Monte Carlo (MC) methods are methods that use some form of randomness or sampling. For example, we can use an MC method to approximate the area of a circle inside a square: we generate random 2D points inside the square and count the number of points inside and outside the circle.

In reinforcement learning, an MC method is a method that "samples" experience (in the form of "returns") from the environment, in order to approximate e.g. a value function.

A temporal-difference algorithm, like $Q$-learning, also performs some form of sampling: it chooses an action using a stochastic policy (e.g. $\epsilon$-greedy) and observes a reward and the next state. So, couldn't $Q$-learning also be considered a MC method? Can an MC method be model-based?

Answer 1

In Reinforcement Learning (RL), the use of the term Monte Carlo has been slightly adjusted by convention to refer to only a few specific things.

The more general use of "Monte Carlo" is for simulation methods that use random numbers to sample - often as a replacement for an otherwise difficult analysis or exhaustive search.

In RL, Monte Carlo methods are generally taken to be non-bootstrapping sample-based approaches to estimating returns. This is a labelling convention within RL - probably because someone called an initial model-free learner a "Monte Carlo method", and the name stuck whilst many refinements and new ideas have since been published under different names.

The historical use of the term is important, since if you mention you are using "Monte Carlo Control", it usually means a very specific subset of methods within RL, to most readers.

So, couldn't 𝑄-learning also be considered a MC method?

In the general sense perhaps. The argument is perhaps stronger for it if the environment is being simulated on a computer for the agent to learn from.

However, if you start to unilaterally call Q-learning a MC method, you are probably going to just confuse people who have learned the conventions in RL.

Can an MC method be model-based?

In general, yes, because the model can be sampled for planning, and a policy can also be separately sampled - so it is possible to run an MC method with or without a model - depending on whether you sample from the model taking "virtual actions" (for e.g. planning or refining your agent) or from the environment taking real actions. Many RL techniques blur the line between online learning and planning.

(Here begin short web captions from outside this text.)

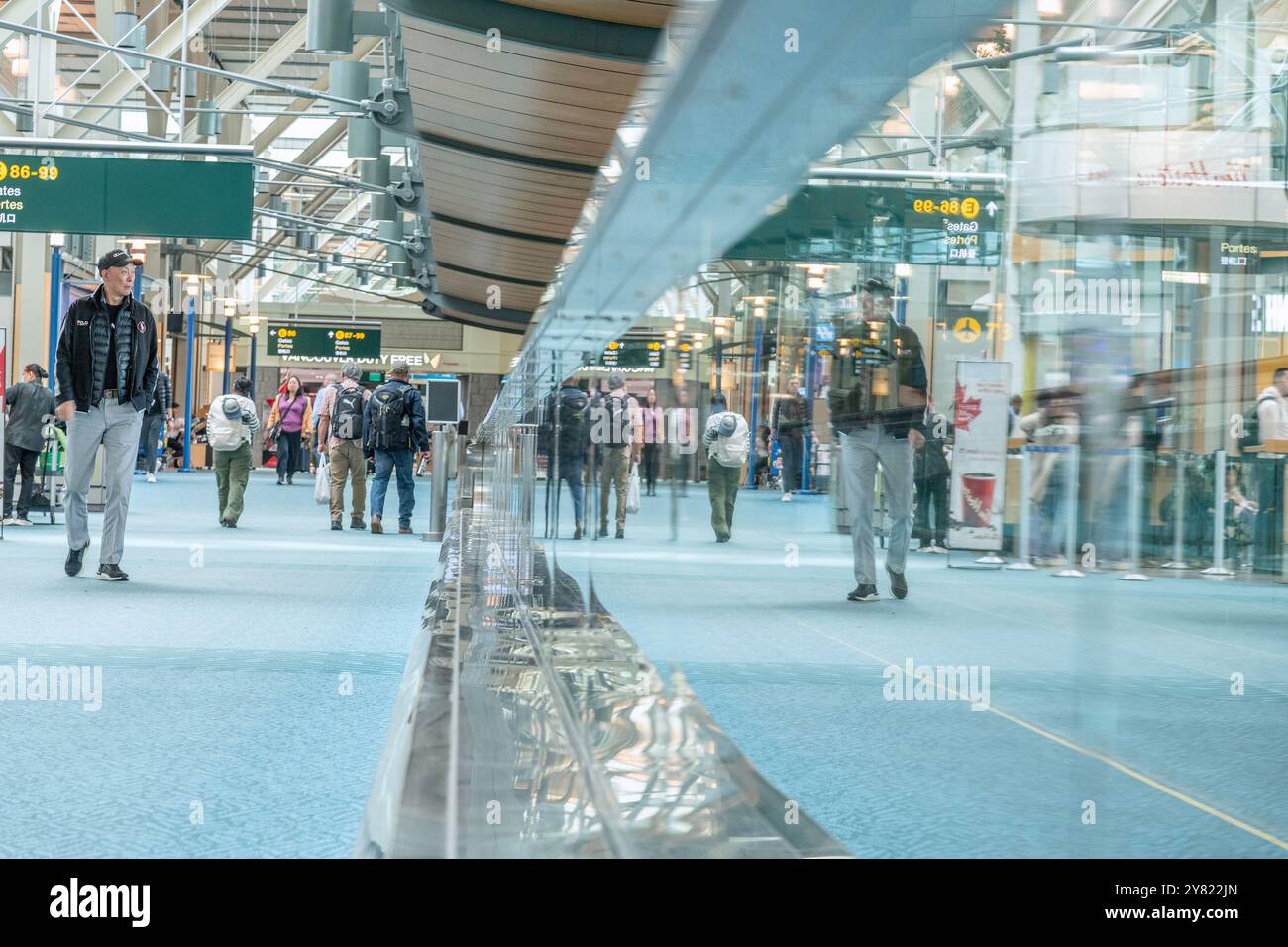Vancouver, Colombie-Britannique, Canada – 1er octobre 2024 : les passagers marchent jusqu’à leur porte d’embarquement à l’aéroport international de Vancouver, Colombie-Britannique, Canada. Banque D'Images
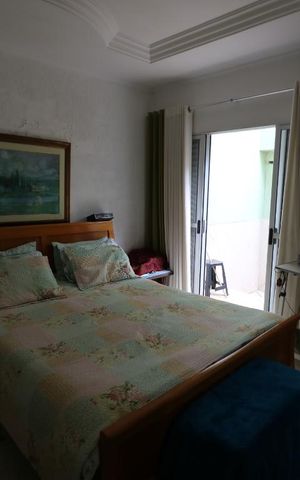 Casa à venda com 650m², 3 quartos e 5 vagasSuite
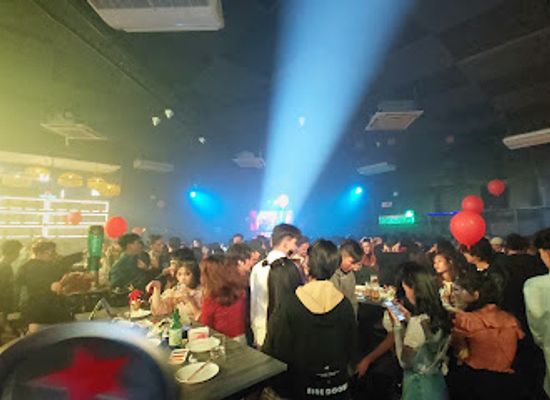 myanmar-burma/sittwe/nightclub/bay-of-sittwe-b-o-s
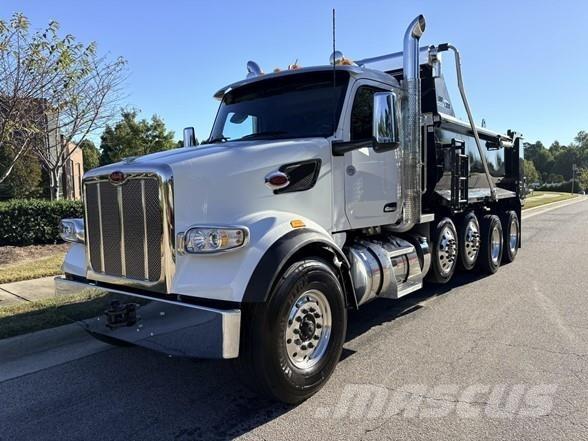 Peterbilt 567 Sklápěče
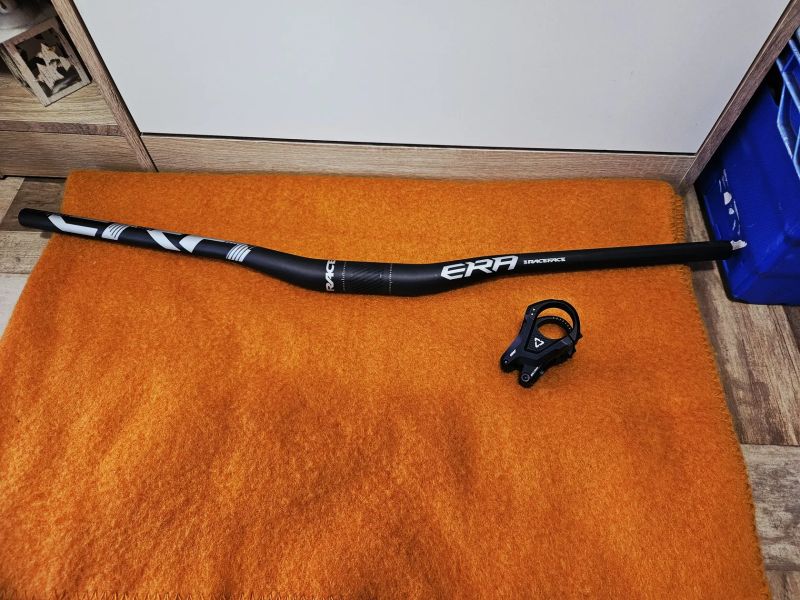 Nové Race Face Era Carbon 35 / 800mm Grey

For instance, using a simulated environment or historical data can be framed as planning for the real environment.

Monte Carlo Tree Search is an example of a model-based technique using the term "Monte Carlo" within RL frameworks. It is used famously within DeepMind's AlphaZero in order to refine a policy and value estimates during self-play.

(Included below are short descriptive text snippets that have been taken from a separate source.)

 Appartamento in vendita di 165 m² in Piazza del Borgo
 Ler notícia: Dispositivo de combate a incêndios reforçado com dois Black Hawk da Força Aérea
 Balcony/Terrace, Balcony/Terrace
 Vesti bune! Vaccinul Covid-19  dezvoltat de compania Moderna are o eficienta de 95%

What is the relation between Monte Carlo and [other] model-free algorithms?

In the context of RL, Monte Carlo is presented as one way to estimate expected utility (or return) - by sampling from the environment and policy until the a complete trajectory is available:

$$v_{\pi}(s) = \mathbb{E}_{\pi}[\sum_{k=0}^{T-t} \gamma^k R_{t+1+k} | S_t = s ]$$

MC is contrasted with Temporal Difference (TD) approaches, such as Q-learning, which sample bootstrap estimates using the Bellman Equation:

$$v_{\pi}(s) = \mathbb{E}_{\pi}[R_{t+1} + \gamma v_{\pi}(S_{t+1}) | S_t = s ]$$

The two approaches can be combined in various ways, including TD($\lambda$) methods. With TD($\lambda$), if you set $\lambda = 0$ then the algorithm is identical to single-step TD learning, and if you set $\lambda = 1$ then it is very similar to a Monte Carlo method. Often setting it to some intermediate value is more efficient than either extreme.